El Prado exhibe sus tesoros más transparentes
En “La talla de cristal en el Renacimiento milanés” el museo explora una expresión artística poco difundida
En el siglo XVI, el valor económico de una pieza de cristal era muy superior al de una pintura. En el propio testamento de Felipe II, cuadros realizados por Tiziano, El Bosco o Sánchez Coello se tasaron muy por debajo de algunas piezas de cuarzo tallado incluidas en la misma colección. Piezas raras y exclusivas, siempre en manos de la cúspide social europea, su popularidad no ha crecido con la misma progresión que otras formas de expresión artística. El propio Miguel Falomir, director adjunto del Museo del Prado, confiesa que hasta no hace tantos años, no había sabido dar la importancia que merecen a estas delicadas obras. La exposición “El arte transparente. La talla de cristal en el Renacimiento milanés”, que hasta el 10 de enero se puede ver en el Museo del Prado, es una ocasión única para aproximarse a la talla de cristal de roca o cuarzo hialino a través de una veintena de piezas procedentes del Tesoro del Delfín, propiedad del Museo del Prado, la colección de Luis XIV de Francia y la de los Médicis florentinos.

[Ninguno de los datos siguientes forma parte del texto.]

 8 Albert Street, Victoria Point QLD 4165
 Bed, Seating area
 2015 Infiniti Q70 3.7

Situada en la sala D del edificio de Jerónimos, la exposición ha sido objeto de un montaje y una iluminación muy especiales gracias a los cuales el visitante puede apreciar, en todo su esplendor, cada uno de los objetos expuestos. Para poder distinguir las minúsculas figuras talladas en el interior de las piezas, de tamaños no superiores al centímetro, el museo facilita a cada espectador, en colaboración con Samsung, una tableta en la que se reproducen las imágenes en alta resolución y con un giro de 360 grados en las más relevantes.

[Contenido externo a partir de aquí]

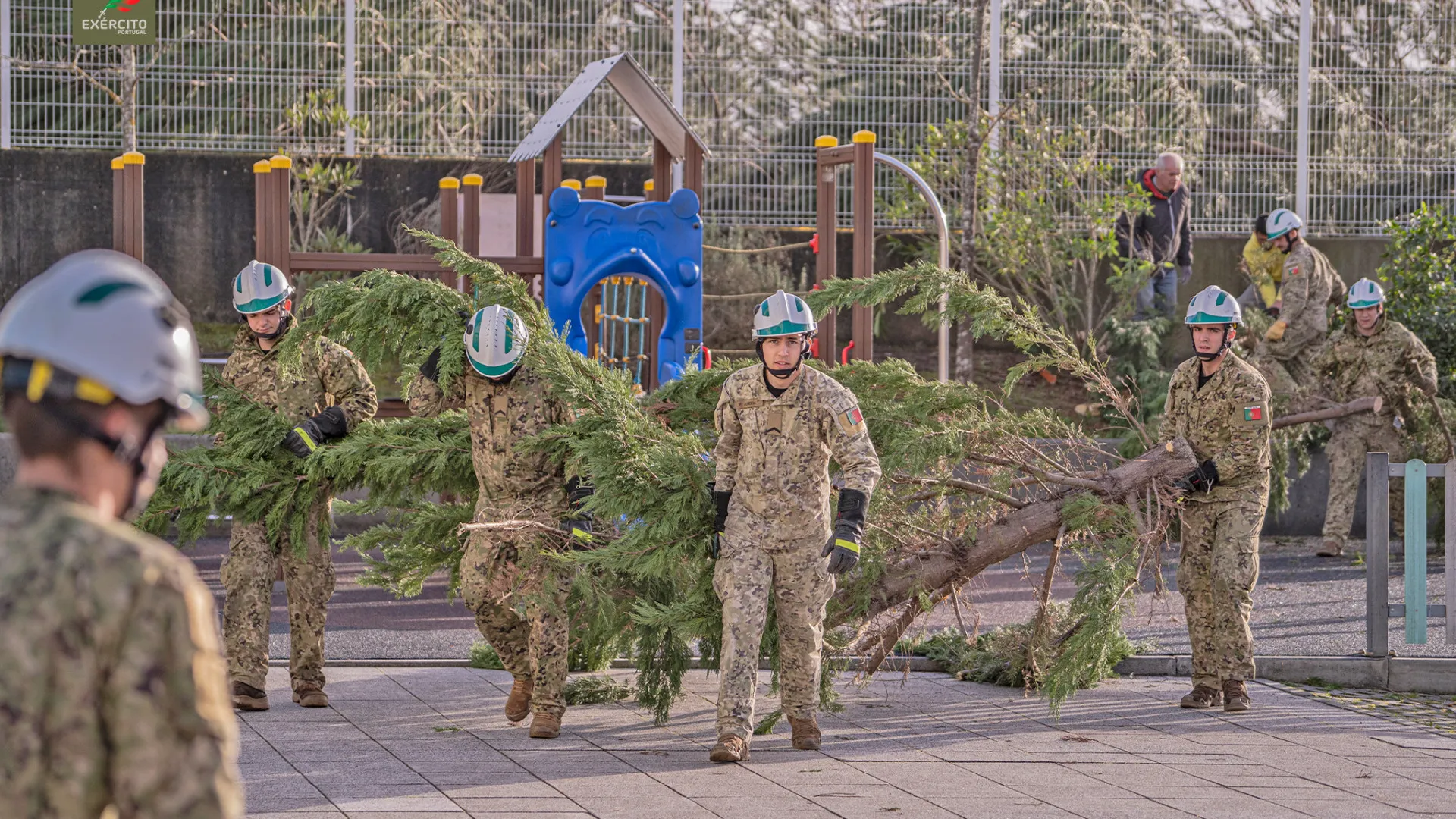 
                    Forças Armadas com 3.200 militares em ações devido ao mau tempo
                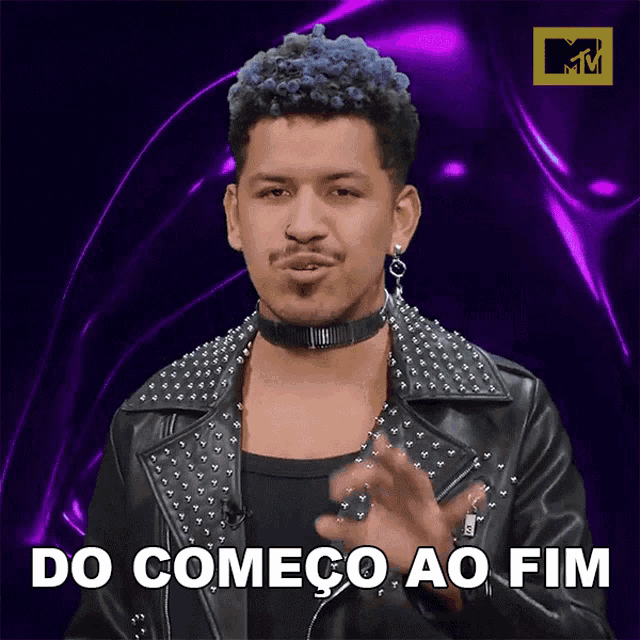 a man wearing a choker and a leather jacket says do comeco ao fim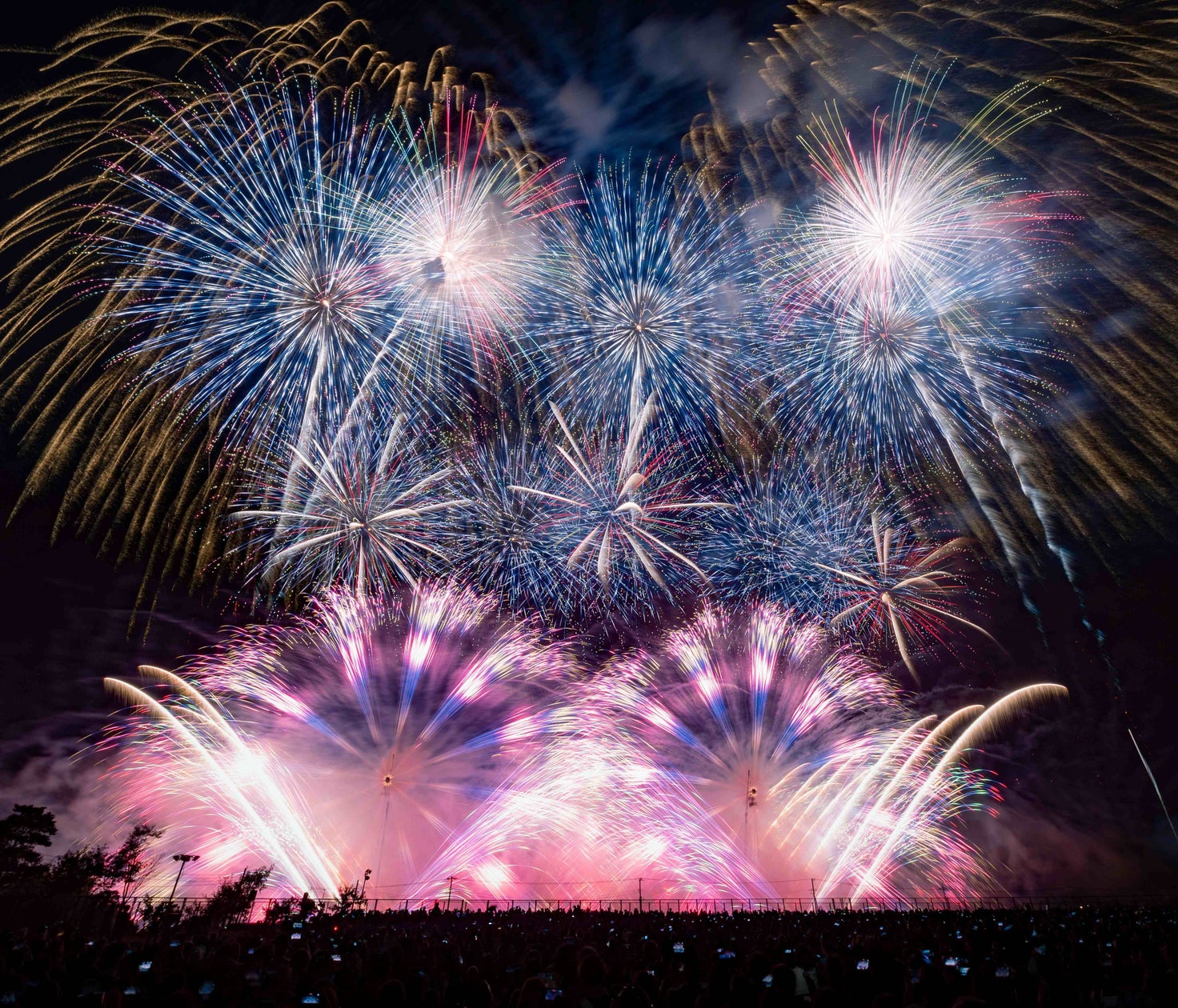 【日本初】花火×ドローン×音楽×花火タワーが完全シンクロする花火大会 成田市制施行70周年『2024 NARITA花火大会in印旛沼』11月2日開催! | 株式会社日本橋丸玉屋のプレスリリース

Letizia Arbeteta, conservadora de museos y comisaria de la exposición, explica que el cuarzo, la materia básica de esta rama de la escultura, es un mineral al que se le atribuían poderes mágicos, y que puede que por ello fuera elegido por los artistas y talleres de Milán para sus tallas. Para ocultar las costuras entre las diferentes partes trabajadas, utilizaban metales, perlas o piedras preciosas como la esmeralda. “Eran artistas y artesanos con un gran dominio del oficio”, explica la experta. “Sus conocimientos se transmitían por la vía familiar. En el trabajo colaboraban también los más pequeños, imprescindibles para conseguir algunos detalles tan minúsculos que solo pueden haber sido hechos por la mano de un niño”.

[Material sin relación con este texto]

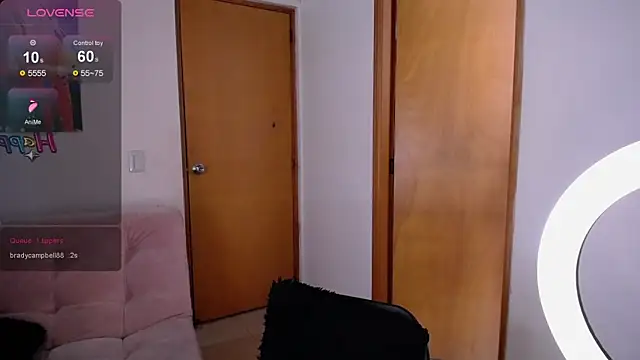 Emii Sweet online show from 7, 3, 2026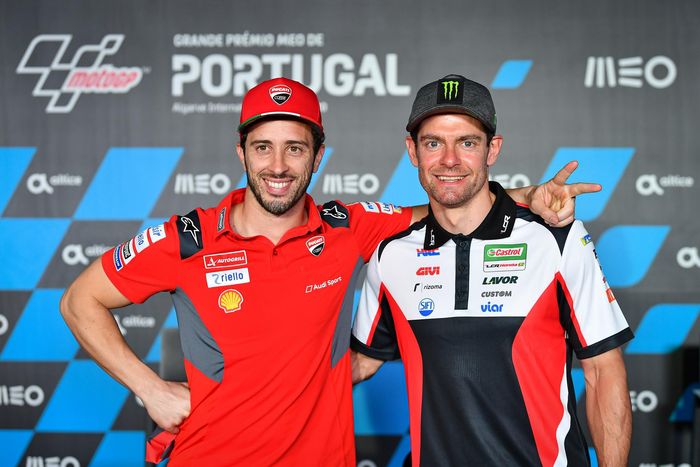 Andrea Dovizioso (kiri) dan Cal Crutchlow memilih tak membalap di MotoGP 2021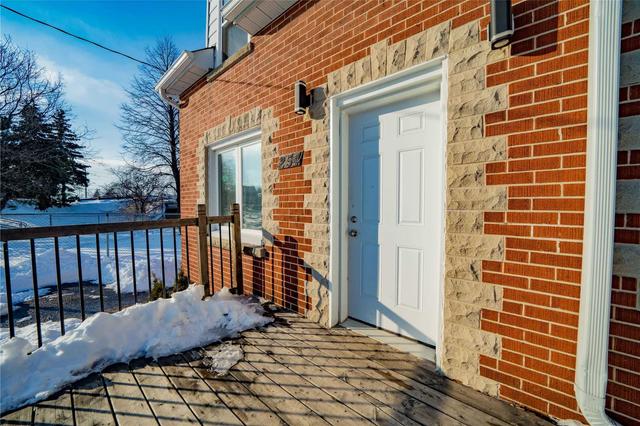 upper - 254 Hibbert Ave, House detached with 2 bedrooms, 1 bathrooms and 4 parking in Oshawa ON | Image 2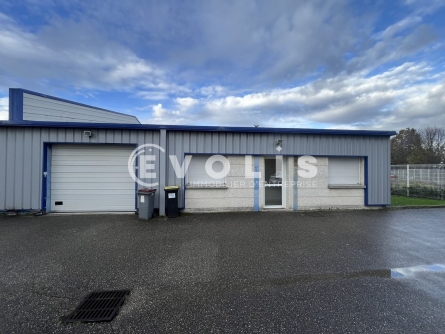 Photo 1 – location Entrepôts / activités	COLOMBIER SAUGNIEU (69124)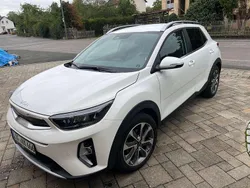Weiß Gebraucht 2023 Kia Stonic Spirit SUV | 17.800 € (Guter Preis)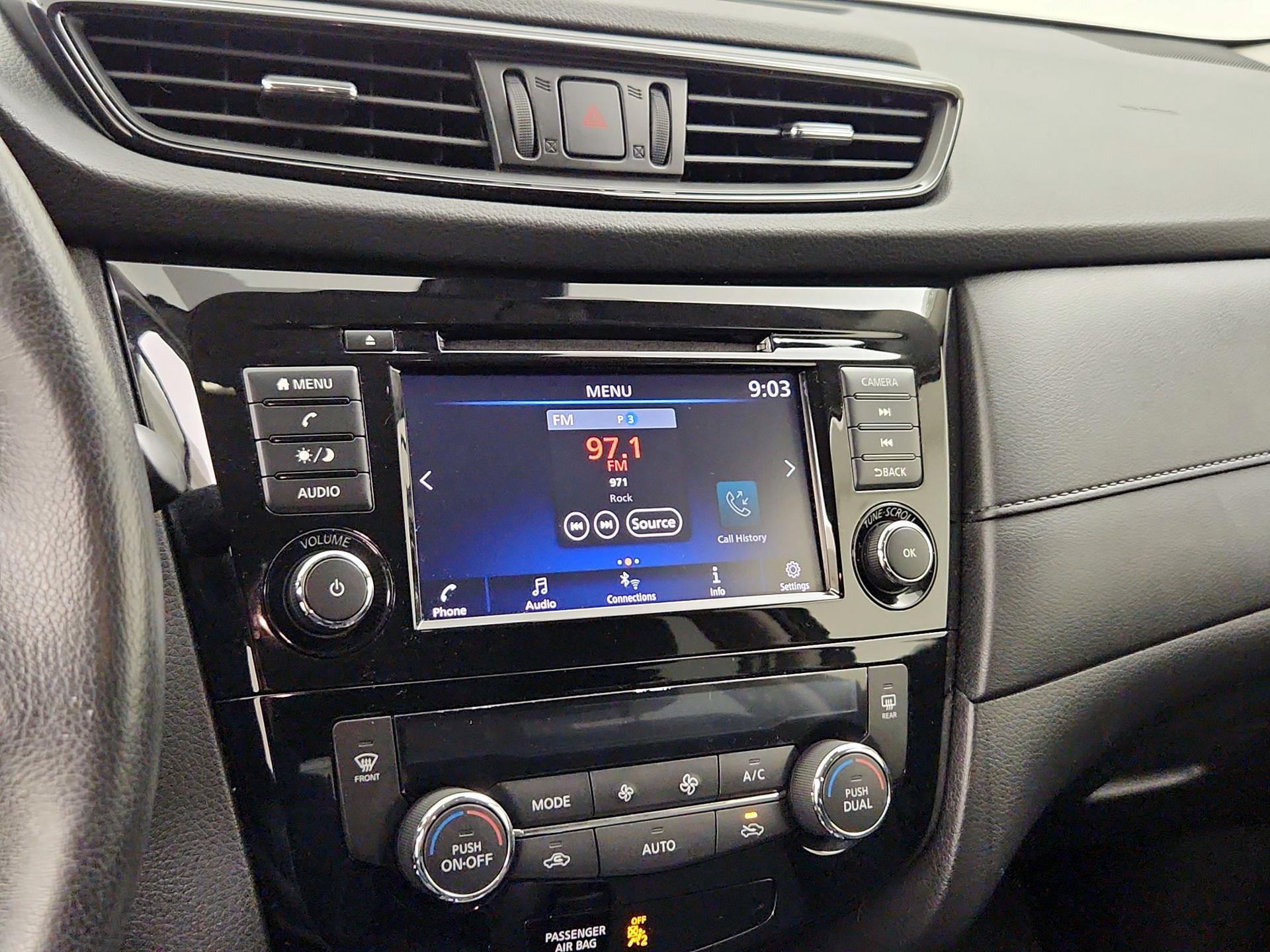 Thumbnail: 2019 Nissan Rogue - 15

El trabajo sobre el cristal de roca no admite rectificaciones. Por ello, a estos artistas se les atribuye una habilidad extrema. En algunos casos, se conoce el nombre el autor, pero en general el resultado es el trabajo conjunto del taller formado por miembros de una misma familia. La talla del cristal era la industria del gran lujo del momento, una parcela que los italianos han sabido conservar con el paso de los siglos. La comisaría explica que estos objetos se realizaban con métodos celosamente guardados, exigía tiempo, un notable esfuerzo y una excepcional destreza: “Cada uno pasaba por diversas fases que obligaban a trabajar en equipo, en un sistema de talleres familiares. Los cristaleros les daban forma y realizaban el ahuecado, y los talladores se ocupaban de las escenas historiadas y las decoraciones. Estas se tallaban en hueco o en relieve, dando como fruto imágenes de gran belleza que variaban con la luz. El instrumental y la maquinaria evolucionaron constantemente, y se cree que pudieron aplicarse en este campo algunas mejoras diseñadas por Leonardo da Vinci”.
Pese al anonimato general, se considera que los principales talladores milaneses fueron Francesco Tortorino y Annibale Fontana. Y hubo dos talleres sobresalientes: el de la familia Miseroni, creadora de obras con originales mezclas de elementos orgánicos y formas clásicas, que rozan lo abstracto, y el de la familia Sarachi, especializada en vasos de gran calidad y con forma de animales fantásticos. Ambas familias trabajaron para las grandes cortes europeas como Madrid, Viena, Praga, Mantua, Florencia, París o Múnich.
Expuestas habitualmente en aparadores colocados en los grandes salones, Letizia Arbeteta asegura que para la sociedad contemporánea, estas obras eran auténticas maravillas, producto de una milagrosa conjunción entre la inteligencia y la habilidad humanas y los tesoros de la naturaleza. Se encargaban para ser exhibidas en banquetes y actos solemnes en los que había que reforzar las virtudes públicas del príncipe, su magnanimidad y liberalidad, su refinamiento, cultura y elegancia. Además, gracias a una concepción integral del arte, estas obras conseguían ser disfrutadas con los cinco sentidos.